Menggagas Platform Kebaikan & Pergerakan

(Catatan Perjalanan Bdg-Jkt-BSD Part 4/10)

Saya sempat bersilaturahmi dengan Ustadz Rendy Saputra di Bandung beberapa hari lalu. Banyak hal kita diskusikan. Satu hal yang kita sepakati adalah keyakinan bahwa DNA berbagi kawan2 kita sebenarnya besar. Yang diperlukan adalah medium untuk channeling DNA berbagi tersebut. Dalam lingkup yang lebih besar, yang diperlukan adalah platform untuk kebaikan dan pergerakan bersama.

Dan Ustadz Rendy telah menciptakan satu medium untuk berbagi yang menyasar kebutuhan paling dasar yaitu pangan. Melalui wadah Berkah Box, beliau menghimpun donasi dalam unit kecil (10ribu rupiah) untuk disalurkan dalam bentuk box makanan secara langsung. Saat ini beliau tinggal di Bandung sembari mengasuh berbagai majelis ta’lim dan komunitas dakwah.

Medium serupa namun untuk berbagi waktu (volunteer) saya temukan di Charlottesville, kota tempat saya tinggal di Amerika. Charlottesville termasuk kota tujuan pencari suaka (refugee). Banyak sekali refugee yang datang dan tak bisa berbahasa Inggris. Organisasi LVCA (Literacy Volunteer Charlottesville/Albemarle) memiliki misi untuk mengumpulkan para volunteer yang mau mengajari para refugee bahasa Inggris. Para volunteer bisa mendonasikan waktunya meski hanya 1 jam per minggu.

Jika berkah box mengumpulkan donasi uang dalam unit kecil (10 ribu), LVCA mengumpulkan donasi waktu dalam unit kecil (1 jam per minggu), Wikipedia juga mengumpulkan donasi pengetahuan dalam unit kecil (artikel).

Pada intinya, kita perlu satu platform yang memiliki berbagai medium sebagai sarana berbagi, entah uang, waktu, pengetahuan atau bahkan jejaring.

****

Perjumpaan saya dengan kawan2 lain beberapa hari lalu tak bisa lepas dari perbincangan ketika kami menjadi tim sukses dalam ajang pemilu IA ITB dua tahun lalu. Tak bisa dinafikan bahwa ada kerinduan dan kenangan indah yang ingin diulang ketika dua tahun lalu kami bereksperimen dengan ide yang tak lazim.
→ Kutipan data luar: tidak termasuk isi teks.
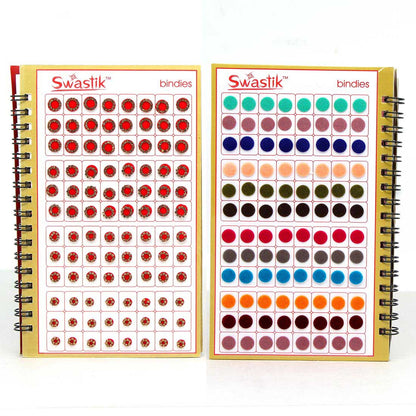 Assorted Color Velvet Bindi Book For Women & Girls- Total Pieces- 960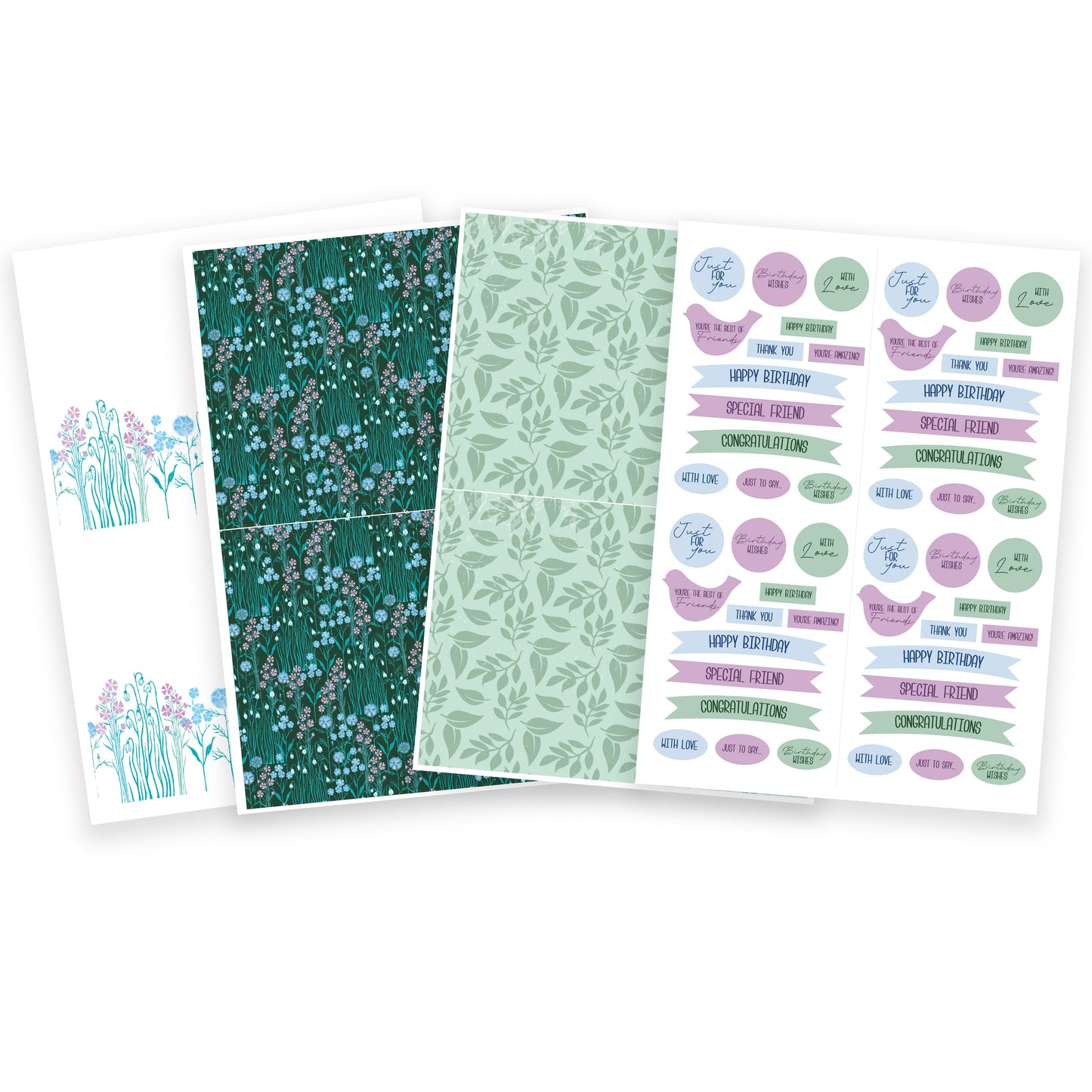 Hello Spring - Hobby Maker TV Collection - Patterned Papers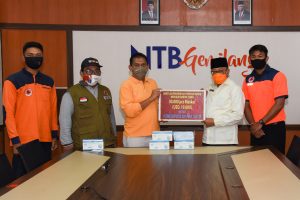 Provinsi NTB Dapat Bantuan 50 Ribu Lembar Masker dari Tiongkok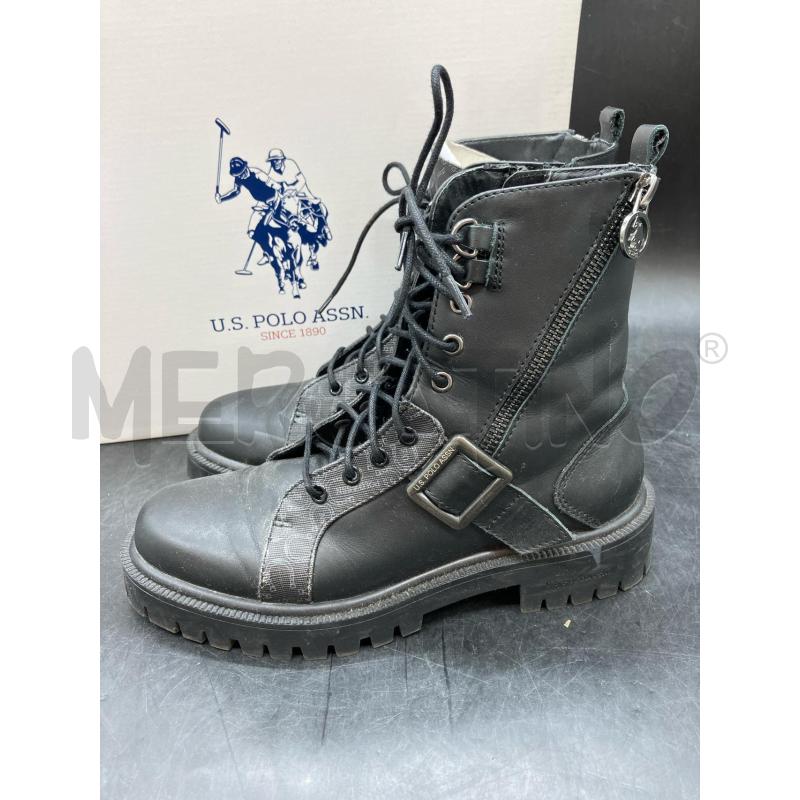 ANFIBI D SCATO US POLO ASSN NERO ZIP | Mercatino dell'Usato Roma eur 3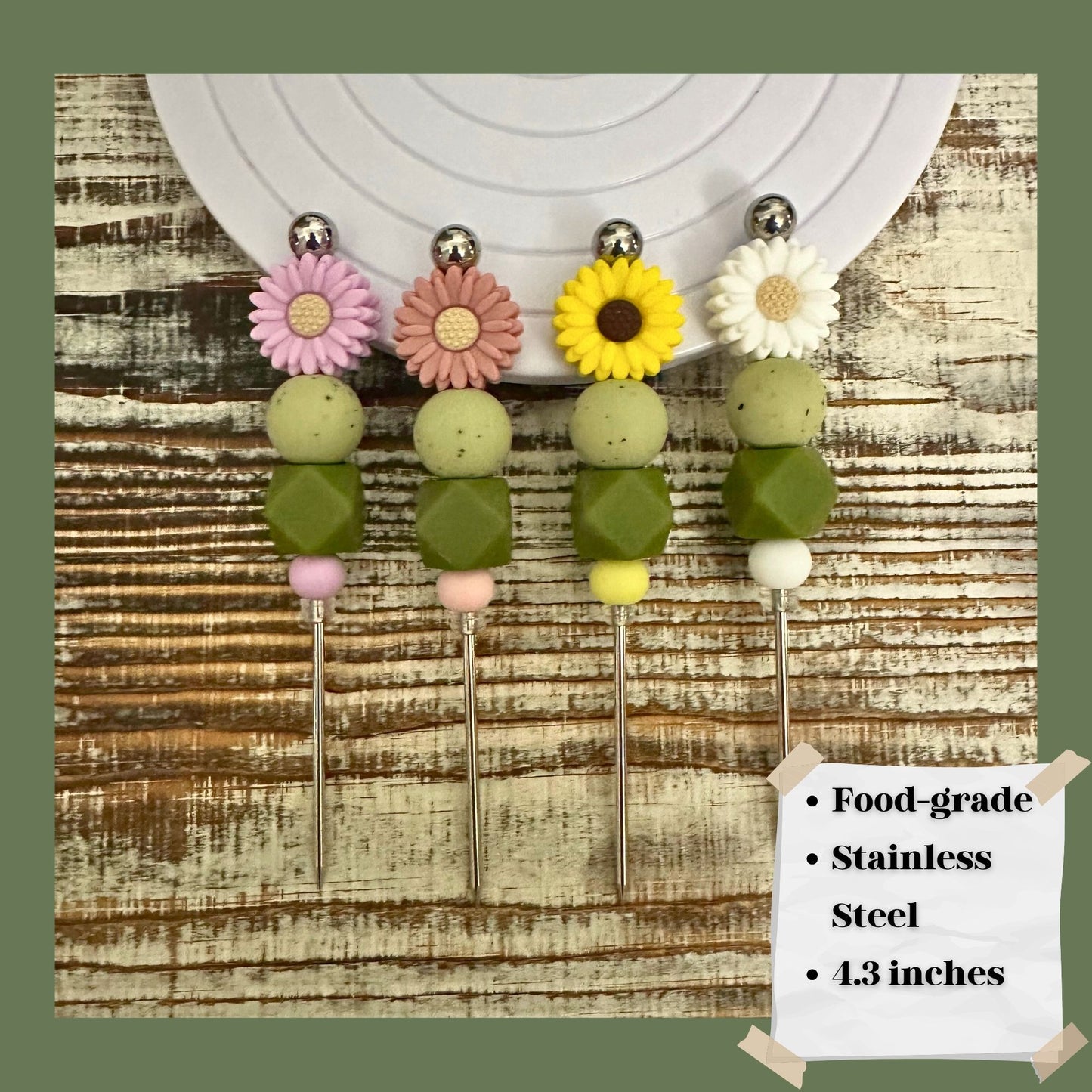 Escribano de galletas de flores
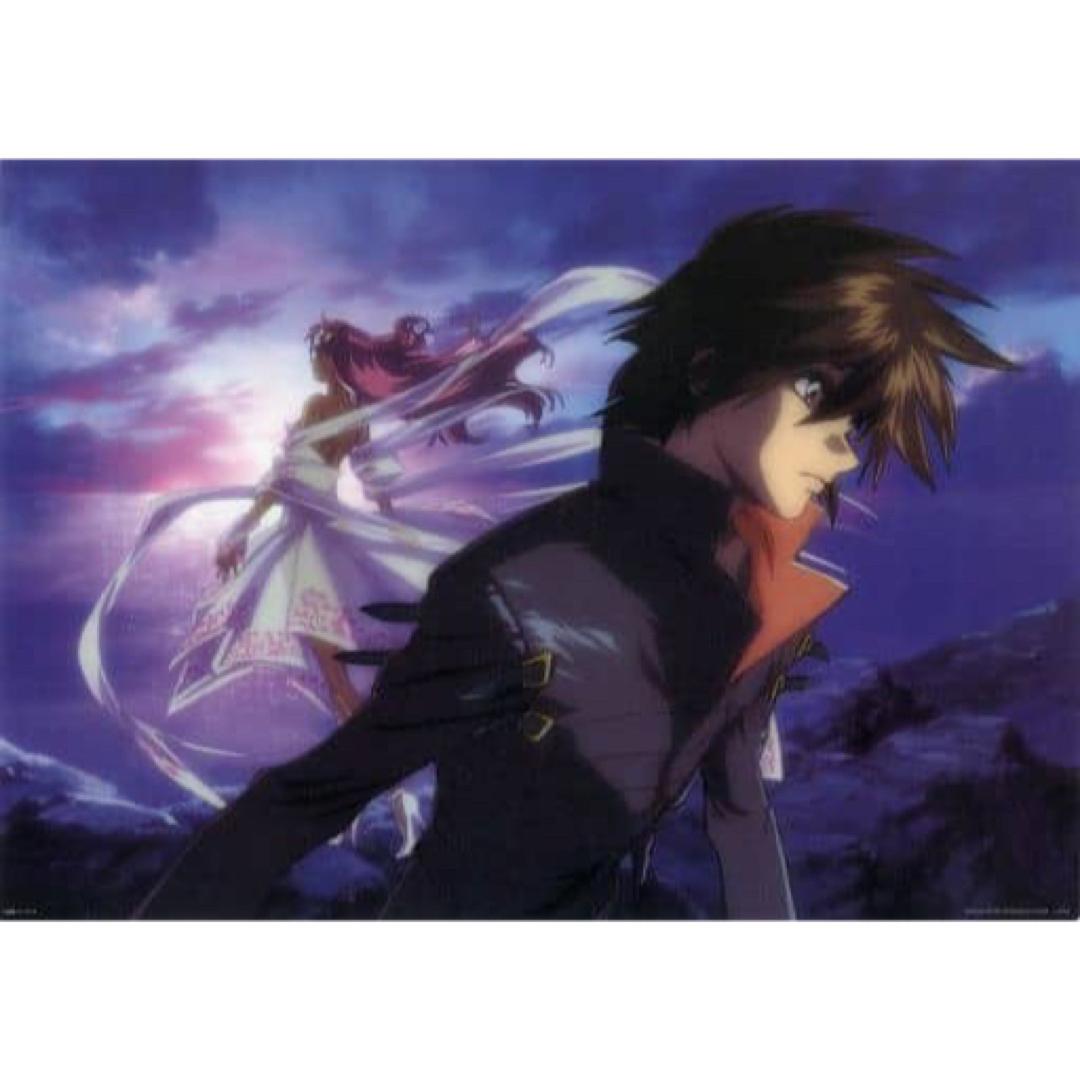 ガンダムSEED キラ・ヤマト&ラクス・クライン アートポスター ガンダムSEED キラ・ヤマト&ラクス・クライン アートポスター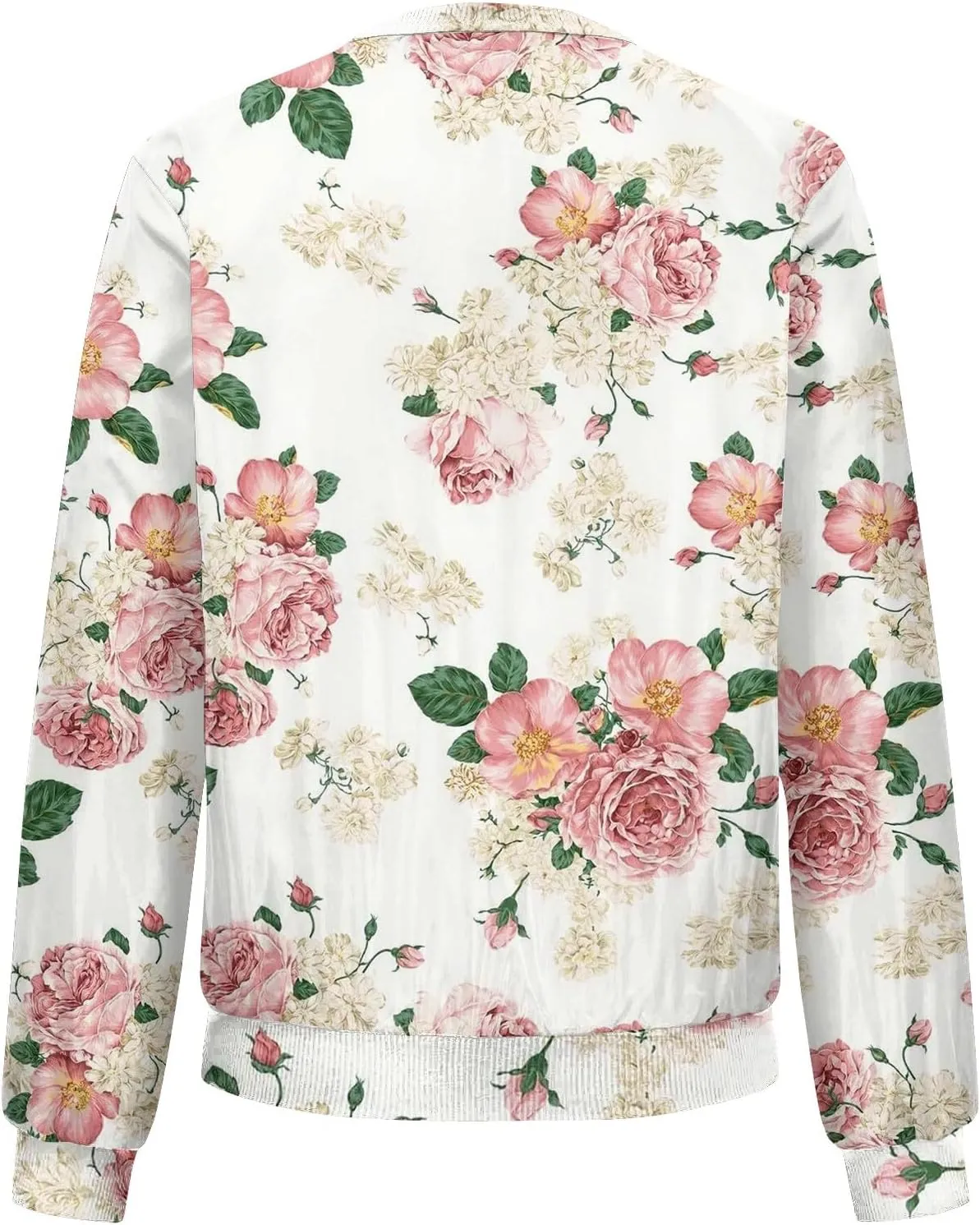 Women's Casual Bomber Jacket Lightweight Windbreaker Jackets Long Sleeve Windproof Spring Fall Jackets with Pockets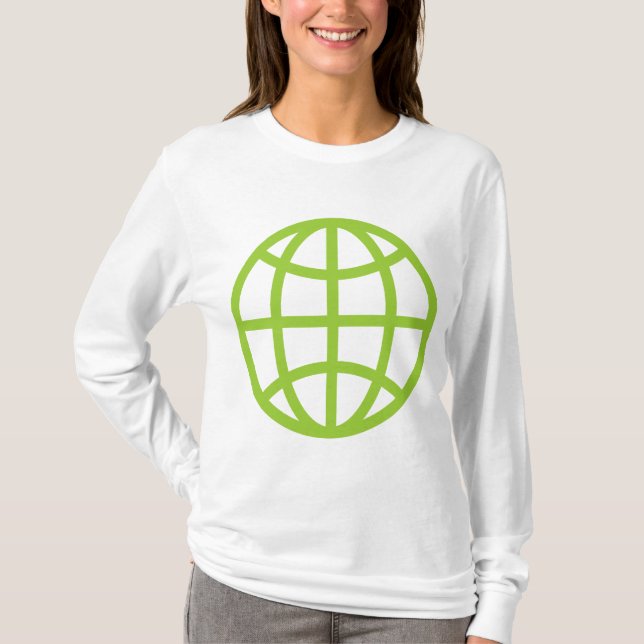 Globe Symbol - Martian Green T-Shirt (Front)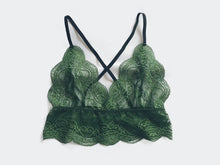 Load image into Gallery viewer, Sheer lace bralet (multiple colours)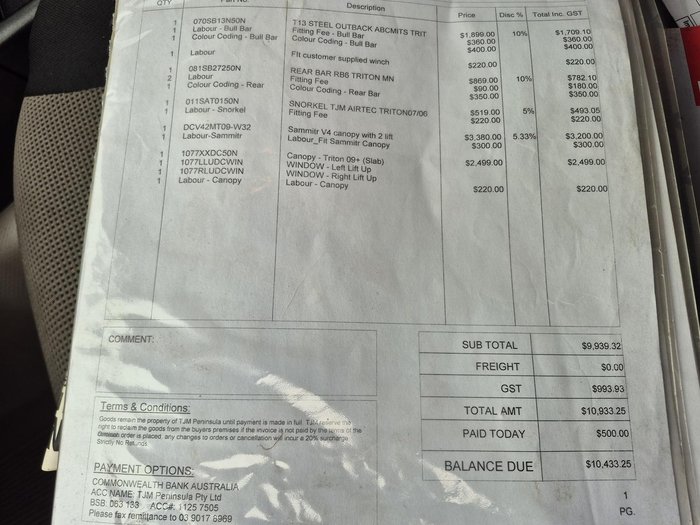 2015 Mitsubishi Triton GLX MN MY15 4X4 Dual Range White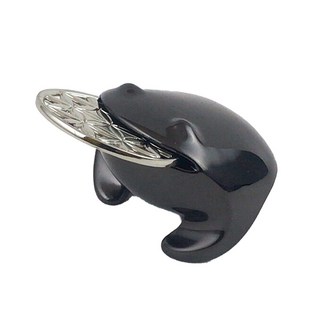 LUCKY TOAD 招財揪吉 揪吉九十 250g 錫合金 台灣設計, 亮鎳黑色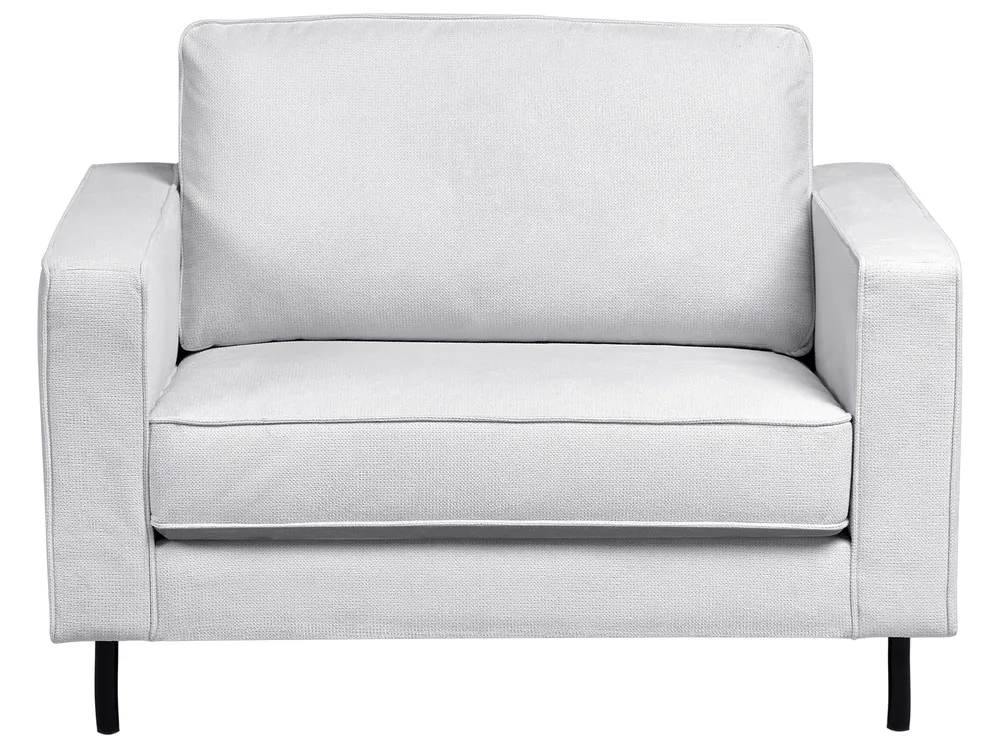 Living Room Set 4 Seater SAVALEN Fabric Light Grey_998177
Holacracy, demikian label yang diusung oleh kandidat Saska. Ustadz Rendy menyebutnya sebagai gerakan Demokrasi tanpa bandar. Selama 3 bulan kami membangun jejaring alumni ITB (mayoritas generasi milenial dan genZ) secara organik hingga terkumpul ~5700 suara meski tanpa modal yang memadai.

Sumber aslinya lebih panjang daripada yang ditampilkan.